Graduate students selected for Scholars in the Nation's Service Initiative
The Woodrow Wilson School of Public and International Affairs has selected the 2009 cohort of incoming graduate students for the Scholars in the Nation's Service Initiative (SINSI), a competitive scholarship program designed to encourage, support and prepare students who intend to pursue careers in the U.S. government.
The Woodrow Wilson School launched SINSI in February 2006. Initially open to Princeton undergraduates, the program later was expanded to include as many as five additional four-year scholarships each year for applicants to the school's master in public affairs (MPA) program. These scholarships are supported by the Robertson Fund, an endowed fund created to support the school's graduate program. The graduate-level students are known as the Charles and Marie Robertson Government Service Scholars.

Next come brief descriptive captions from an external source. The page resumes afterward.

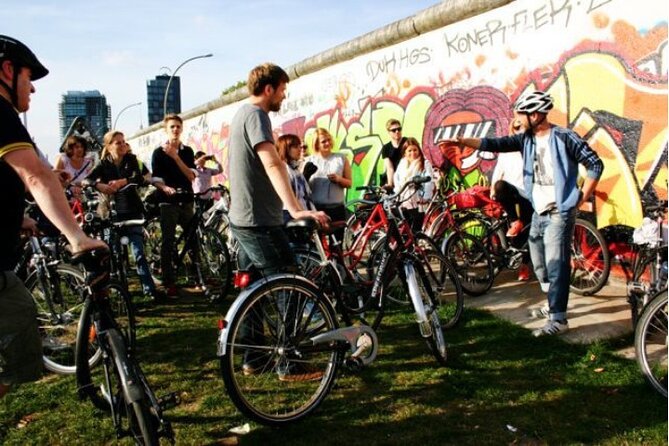 Berlin: Guided Bike tour of the Berlin Wall and Third Reich - From the New Synagogue to Jewish Berlin
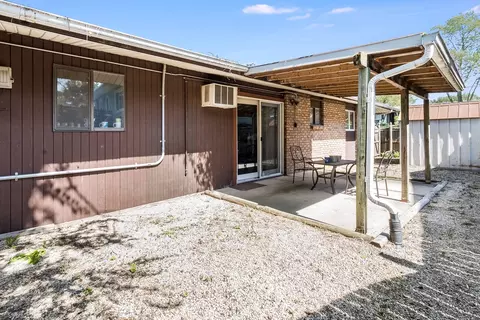 631 E 17th St, Lockport, IL 60441 photo 11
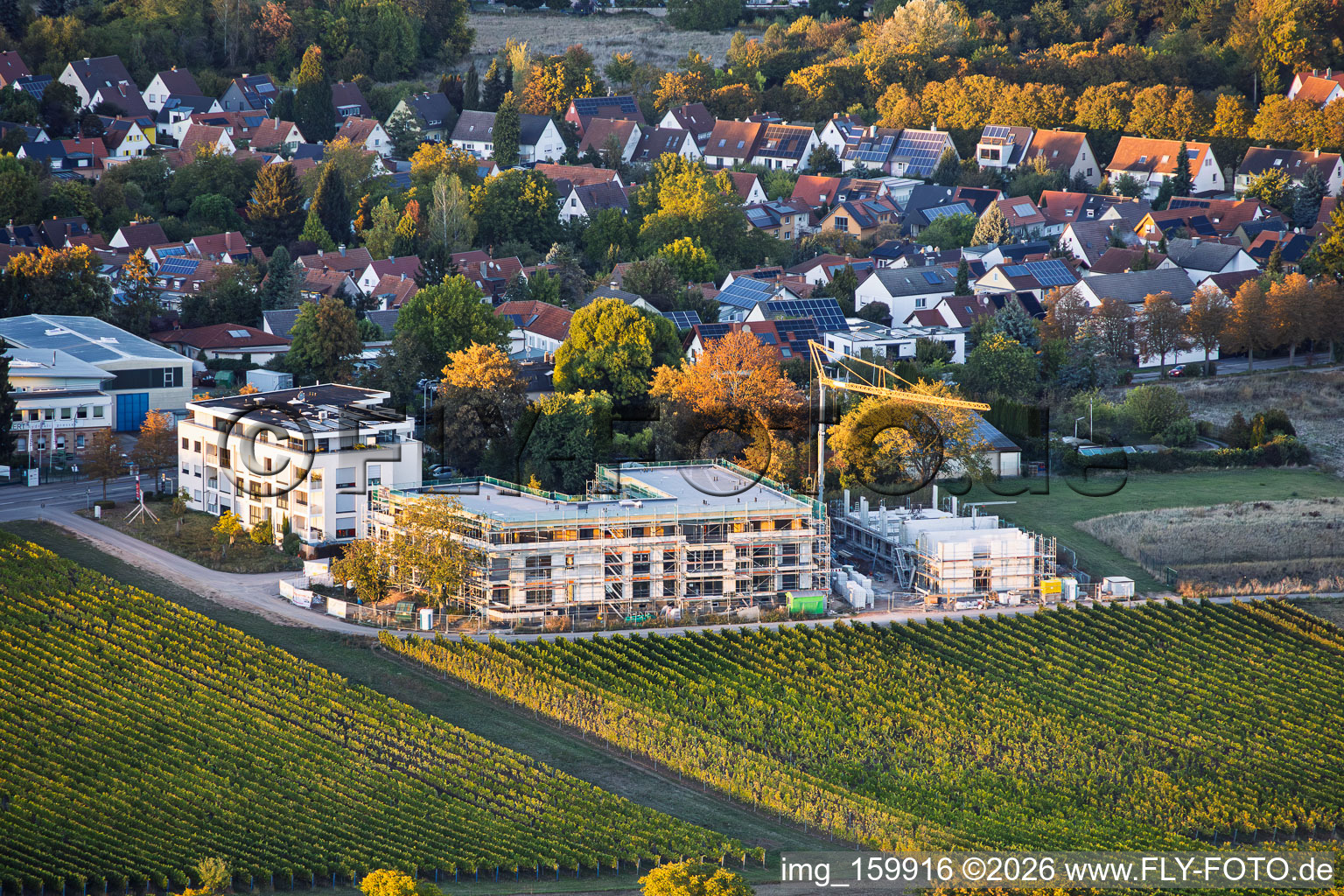 Neubaustelle an der Wollmesheimer Höhe in Landau in der Pfalz im Bundesland Rheinland-Pfalz, Deutschland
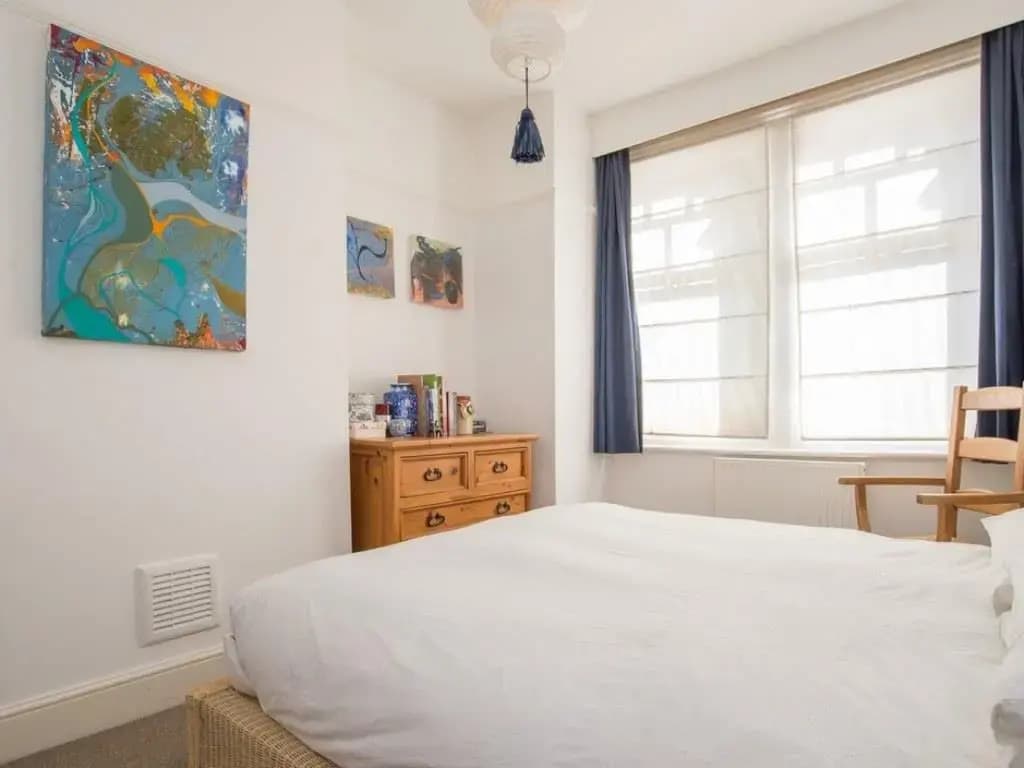 Veeve  3 Bed Family House On Esparto Street Wandsworth - photo 2
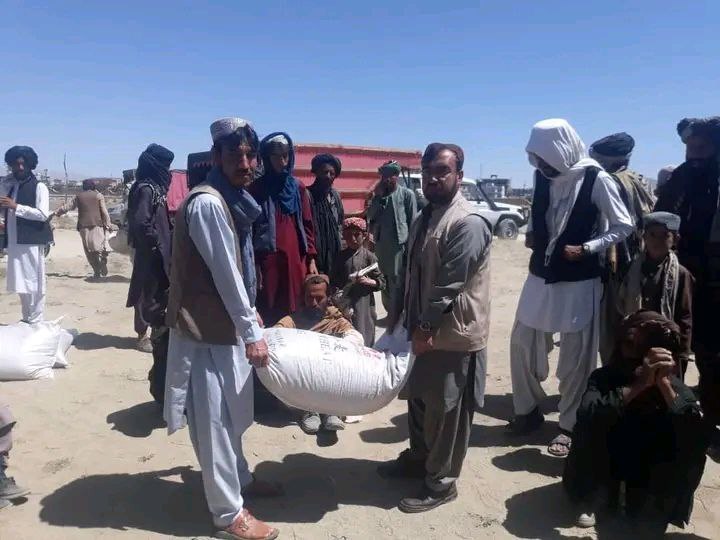 مساعدت مؤسسات کمک کننده برای ۱۳۰۰خانواده افغانستانی در هفته گذشته + تصاویر مساعدت مؤسسات کمک کننده برای ۱۳۰۰خانواده افغانستانی در هفته گذشته + تصاویر
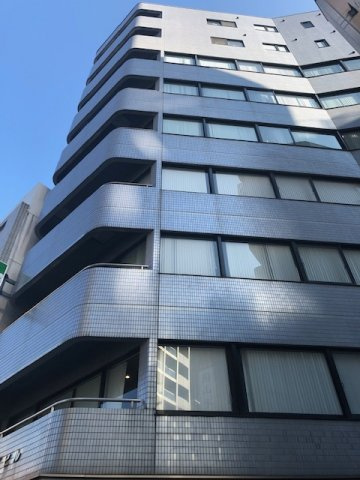 西新宿IKビルの外観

This is the second cohort of graduate students to have enrolled in the program. The Woodrow Wilson School admitted four graduate students into SINSI in 2008; they began their government service fellowships immediately and will enter the school's MPA program in fall 2010.
The 2009 and subsequent graduate cohorts will enroll in the MPA program the fall after their selection. Upon completing their first year of graduate study, they will serve in a two-year fellowship with the federal government and then will return to Princeton to complete the second year of the MPA program.
"The graduate cohorts of the Scholars in the Nation's Service Initiative are a testament to the diverse talents and policy interests of passionate, public service-minded students in America," said SINSI director Barbara Bodine, a former U.S. ambassador and career senior Foreign Service officer and a lecturer in public and international affairs. "We are pleased to welcome them to the program this fall."
The 2009 graduate cohort of the Scholars in the Nation's Service are:
- Tavon Cooke, who graduated from the University of Maryland-Baltimore County with a degree in modern languages and linguistics. Cooke has academic and professional backgrounds in Russian studies with an emphasis on education, social welfare, and domestic and international health policy issues. He hopes at the conclusion of his studies to work in consular affairs as a Foreign Service officer at the Department of State or at the U.S. Agency for International Development.
- Daniel Joyce, who has served since July 2006 as the program associate on democratic governance and human rights issues in the Andean region at the Inter-American Dialogue, a Washington, D.C., think tank for U.S.-Latin American relations. He has organized Dialogue conferences in Ecuador, Colombia and Peru. Joyce graduated from the Georgetown University School of Foreign Service with a degree in international politics and a certificate in Latin American studies. He spent a semester at the Universidad Católica in Santiago, Chile, as part of his undergraduate studies.
- Brieana Marticorena, who will graduate in June from Harvard University with a degree in government and a citation in Italian. She hopes to pursue a career in diplomacy and conflict management. Marticorena has worked in orphanages in Ghana and Brazil; taught English in Thailand, Cambodia and Poland; conducted research in Russia; and served as an intern in the U.S. Congress and for the U.S. Department of State in Italy.
- Caitlin Pierce, who will graduate in June from Dartmouth College with a double major in environmental studies and economics. She has conducted research in southern Africa, India and British Columbia and served as an intern in the Environmental and Natural Resources Division of the U.S. Department of Justice. Pierce hopes to work at the nexus of international economic and environmental policy.
- Sarah Ray, who graduated this month from Tulane University with degrees in political science and social policy. A 2008 Truman Scholar, Ray's policy interests include public housing, urban development and inequality. Her career goals include working at the U.S. Department of Housing and Urban Development, and eventually returning to her home state of Tennessee to run for elected office. Fluent in Spanish, Ray has studied at the University of Granada in Spain and at the University of Cambridge in England.
They join the four graduate scholars accepted into the program in 2008: Alexander Correa, a graduate of the University of Miami; Caroline Gilliam, a graduate of Columbia University; Brian Kelly, a graduate of the University of Pennsylvania; and Rachel Van Tuyl, a graduate of Auburn University.